Is rationing therefore the way forward? Some listeners had emailed in suggesting that the NHS shouldn't fund treatments for 'smokers, drinkers and the obese'. Others that people should pay for hospital meals, or there should be a charge made for GP consultations. We already have charges for some things - for example, prescriptions in England, or dental check ups for many people - but as Clare Marx pointed out, removal of teeth is the commonest childhood operation, so can we really say this policy has been successful? I don't believe that we have the evidence to show this is safe: the bureaucracy would be sizeable - I had to sign 12 bits of paper for a routine check when my kids and I last went to the dentist - and then there are unintended consequences. Paying for appointments turns us in to consumers - would doctors feel obliged to give us treatments that people want, even when they don't work well, aren't cost effective or do net harm?

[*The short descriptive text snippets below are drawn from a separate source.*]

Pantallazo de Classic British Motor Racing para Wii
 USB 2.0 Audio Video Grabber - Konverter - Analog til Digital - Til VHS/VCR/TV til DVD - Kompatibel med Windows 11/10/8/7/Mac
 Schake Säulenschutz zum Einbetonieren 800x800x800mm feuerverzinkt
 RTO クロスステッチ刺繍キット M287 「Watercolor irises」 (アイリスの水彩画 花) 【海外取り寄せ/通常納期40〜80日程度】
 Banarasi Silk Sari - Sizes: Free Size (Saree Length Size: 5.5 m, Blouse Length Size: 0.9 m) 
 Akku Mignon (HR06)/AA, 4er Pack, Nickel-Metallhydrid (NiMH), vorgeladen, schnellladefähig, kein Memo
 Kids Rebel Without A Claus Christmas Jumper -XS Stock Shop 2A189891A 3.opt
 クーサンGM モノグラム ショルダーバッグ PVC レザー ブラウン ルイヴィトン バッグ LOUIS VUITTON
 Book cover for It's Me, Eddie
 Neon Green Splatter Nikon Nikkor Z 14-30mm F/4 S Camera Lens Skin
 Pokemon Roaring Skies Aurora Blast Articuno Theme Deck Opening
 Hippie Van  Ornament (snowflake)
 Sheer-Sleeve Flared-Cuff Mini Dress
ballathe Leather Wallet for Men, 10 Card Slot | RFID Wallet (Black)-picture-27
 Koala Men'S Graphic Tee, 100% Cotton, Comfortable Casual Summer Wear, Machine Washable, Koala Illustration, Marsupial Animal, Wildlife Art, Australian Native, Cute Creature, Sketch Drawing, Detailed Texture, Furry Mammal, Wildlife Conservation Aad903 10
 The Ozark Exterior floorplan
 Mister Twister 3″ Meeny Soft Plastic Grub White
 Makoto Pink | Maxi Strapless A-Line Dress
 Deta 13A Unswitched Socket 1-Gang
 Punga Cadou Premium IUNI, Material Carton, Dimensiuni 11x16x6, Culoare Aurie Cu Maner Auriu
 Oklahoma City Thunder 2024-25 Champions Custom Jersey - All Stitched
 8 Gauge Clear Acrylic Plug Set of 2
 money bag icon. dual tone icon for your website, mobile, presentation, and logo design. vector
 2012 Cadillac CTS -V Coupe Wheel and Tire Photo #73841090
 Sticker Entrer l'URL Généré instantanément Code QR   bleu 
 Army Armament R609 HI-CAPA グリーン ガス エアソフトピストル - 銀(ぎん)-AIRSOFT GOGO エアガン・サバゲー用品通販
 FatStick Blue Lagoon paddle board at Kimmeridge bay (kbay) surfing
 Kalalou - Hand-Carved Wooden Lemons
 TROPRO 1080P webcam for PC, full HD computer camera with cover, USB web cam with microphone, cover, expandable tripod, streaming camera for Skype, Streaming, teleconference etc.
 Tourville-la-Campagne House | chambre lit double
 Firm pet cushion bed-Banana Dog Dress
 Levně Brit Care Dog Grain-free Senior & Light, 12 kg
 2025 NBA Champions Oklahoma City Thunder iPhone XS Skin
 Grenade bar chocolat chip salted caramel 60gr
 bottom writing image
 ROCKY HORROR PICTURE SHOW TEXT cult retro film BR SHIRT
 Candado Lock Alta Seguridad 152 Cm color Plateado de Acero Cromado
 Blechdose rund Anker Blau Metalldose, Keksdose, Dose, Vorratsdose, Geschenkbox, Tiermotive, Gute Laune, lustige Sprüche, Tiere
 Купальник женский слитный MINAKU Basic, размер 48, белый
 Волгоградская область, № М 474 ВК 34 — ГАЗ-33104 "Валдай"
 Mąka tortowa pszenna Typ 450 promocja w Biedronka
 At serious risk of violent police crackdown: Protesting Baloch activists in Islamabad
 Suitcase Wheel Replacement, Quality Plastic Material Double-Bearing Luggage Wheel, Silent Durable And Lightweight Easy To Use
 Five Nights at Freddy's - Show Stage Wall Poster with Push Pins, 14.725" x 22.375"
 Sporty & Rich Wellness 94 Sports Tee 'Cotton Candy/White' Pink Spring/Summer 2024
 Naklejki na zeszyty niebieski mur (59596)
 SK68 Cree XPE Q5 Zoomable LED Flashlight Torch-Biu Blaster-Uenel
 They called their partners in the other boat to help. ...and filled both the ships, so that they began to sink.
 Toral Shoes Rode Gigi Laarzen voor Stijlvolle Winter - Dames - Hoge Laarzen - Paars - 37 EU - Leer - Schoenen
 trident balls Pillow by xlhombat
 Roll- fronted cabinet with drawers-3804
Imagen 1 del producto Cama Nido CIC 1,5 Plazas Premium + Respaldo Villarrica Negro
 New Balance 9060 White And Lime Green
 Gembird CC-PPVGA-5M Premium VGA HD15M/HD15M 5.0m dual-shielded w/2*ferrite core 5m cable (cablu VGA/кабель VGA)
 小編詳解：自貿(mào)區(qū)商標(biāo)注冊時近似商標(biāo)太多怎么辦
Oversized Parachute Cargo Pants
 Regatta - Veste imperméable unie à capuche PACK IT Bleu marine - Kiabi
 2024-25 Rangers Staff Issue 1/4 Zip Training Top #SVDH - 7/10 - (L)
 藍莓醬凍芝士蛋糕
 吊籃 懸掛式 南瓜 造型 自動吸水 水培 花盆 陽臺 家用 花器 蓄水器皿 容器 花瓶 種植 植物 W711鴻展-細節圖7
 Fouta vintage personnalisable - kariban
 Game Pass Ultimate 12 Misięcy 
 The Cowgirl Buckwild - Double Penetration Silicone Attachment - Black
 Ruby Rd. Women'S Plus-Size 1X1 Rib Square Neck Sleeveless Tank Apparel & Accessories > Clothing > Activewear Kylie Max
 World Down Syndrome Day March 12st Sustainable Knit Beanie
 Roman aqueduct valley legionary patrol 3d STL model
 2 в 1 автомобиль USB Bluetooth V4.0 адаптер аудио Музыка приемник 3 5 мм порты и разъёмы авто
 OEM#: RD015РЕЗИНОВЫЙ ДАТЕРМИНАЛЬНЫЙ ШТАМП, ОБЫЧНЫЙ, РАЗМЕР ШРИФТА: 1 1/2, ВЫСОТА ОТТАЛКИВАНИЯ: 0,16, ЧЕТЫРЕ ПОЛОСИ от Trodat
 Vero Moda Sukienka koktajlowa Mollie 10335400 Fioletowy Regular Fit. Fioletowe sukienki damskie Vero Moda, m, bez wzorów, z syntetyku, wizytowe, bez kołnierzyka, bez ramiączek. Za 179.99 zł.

Listeners wanted to know if the NHS was over managed - and had strong opinions on how much could be saved if we got rid of middle managers in particular. But Chris Hopson pointed out that we spend less than the very efficient Germany on hospital managers, and Clare Marx said that hospitals are highly complex places needing a huge amount of organisation to run smoothly. For me it is a question of what managers are doing - is it of value to patients, or is it a waste of time?

Nick Black argued that there was a great deal of waste still in the NHS - and suggested that the internal NHS market may have had some advantages to start off with, but now, the 4.5 billion a year estimated to be spent on it could be better used elsewhere. There is no doubt that the process of bidding and judging for commissioning costs time and money, but how to stop the problem of bad and wasteful policy in the first place? Could politics be taken out of the NHS? I was on my own, arguing that party politics had done avoidable harm to the NHS and that cross party working - as we see in the Health Select Committee and the National Audit Office - was possible. My fellow panellists argued that since the budget of the NHS was such a large amount of money it would be impossible to disentangle it from politics: but Chris Hopson pointed out that defence spending, for example, was ring fenced. The audience overwhelmingly voted to be taxed more to pay for the NHS. If we were sure that extra money would go on human level care, and not wasteful, non evidence based policy making, I would support it completely. But we are not, as a population, being given that option.